In an interview with the ABA Journal, two of the book’s authors acknowledged that the country may be in a moment in which the odds that reparations will happen right now are low, but they say it’s important to keep the struggle moving forward.
First, how do you define reparations, and why do you feel that it’s owed to African Americans?
A. Kirsten Mullen: In the previous book on African American reparations that Sandy Darity (William Darity Jr.) and I wrote, From Here to Equality: Reparations for Black Americans in the Twenty-First Century, we defined reparations as a program of acknowledgement, redress and closure for a grievous injustice. Historically, a standard form of restitution for the victimized community has been monetary payments. Examples include the German government’s payments to victims of the Holocaust and the U.S. governments payments to Japanese Americans who were subjected to mass incarceration during World War II. Also, the U.S. government paid families that lost loved ones during the 9/11 terrorist attacks and Americans held hostage in Iran in 1979 [to] 1980. In the latter case, the former hostages are to be paid $10,000 per day of captivity. Since they typically were held for 440 days, the payments will come to $4.4 million per recipient. Furthermore, in neither of these cases was the United States government the culpable party for the harm; nevertheless, it’s paid or is paying restitution.

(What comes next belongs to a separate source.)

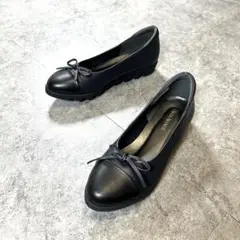 新品【ヒルズアベニュー】バレエパンプス　ウェーブソール/キャップパンプス　リボン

Lucas Hubbard: I also must add, as a point of clarification, the case for reparations developed in the book is not limited to the harms of slavery. In fact, a key element is the failure to provide restitution to the freedmen after slavery ended in the form of 40 acres land allotments they were promised and denied. At about the same time, the federal government gave 160 acres land patents to 1.5 million white families in the western territories under the Homestead Act of 1862, and Trina Williams Shanks at the University of Michigan has estimated there are 45 million living white Americans who continue to benefit from the Homestead Act land distribution.
In The Black Reparations Project, the case is made for reparations specifically for African Americans who can trace their lineage back to slavery in America. You estimate that America owes Black Americans a huge sum—how much did you come up with?

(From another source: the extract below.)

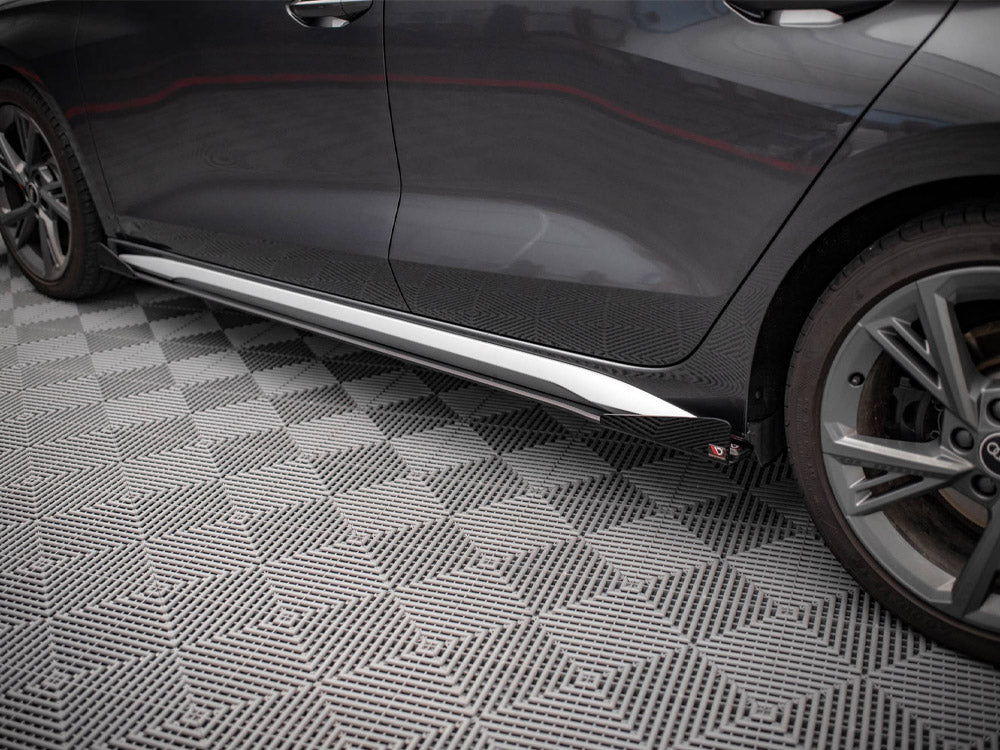 Side Flaps - Audi S3 / A3 S Line 8Y / 8Y Facelift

Lucas Hubbard: The estimate presented in The Black Reparations Project of the amount needed to eliminate America’s racial wealth gap is at least $14.7 trillion or about $357,000 per eligible Black American. That corresponds to close to $1 million per Black household, a sum of money that would be genuinely transformative in terms of opportunity and economic security.
Early in the book, you outline what you call the four pillars of true reparations. Can you explain?
Lucas Hubbard: Certainly. In the first chapter, Sandy and Kirsten delineate the four pillars as follows:
- Eligible recipients must be Black Americans who have ancestors who were enslaved in the United States.
- The reparations plan must be designed, at minimum, to eliminate the Black-white chasm in wealth.
- The vast majority of the reparations fund should take the form of direct payments to eligible recipients.
- The federal government must finance the reparations project.
We expand on the logic of these pillars throughout the book. But in short, the first pillar is essential for defining this particular reparations claim by this group against this government; and the second, third and fourth pillars are essential for ensuring the redress phase of reparations is complete.
In the book, you cited Sen. Mitch McConnell as saying he was against reparations because they’d be too hard to administer. How do you propose that the government would actually go about giving reparations?
Lucas Hubbard: One of the key accomplishments of The Black Reparations Project is demonstration that Black reparations are eminently feasible to administer. The book’s contributors emphasize reparations should prioritize direct payments to eligible recipients. These could be direct deposits into their personal accounts or could take the form of less liquid assets, like trust accounts or annuities. What is critical is recipients are able to decide how they want to use the payments. This is how reparations have been paid to other victimized communities, and there is no reason this plan should be executed any differently.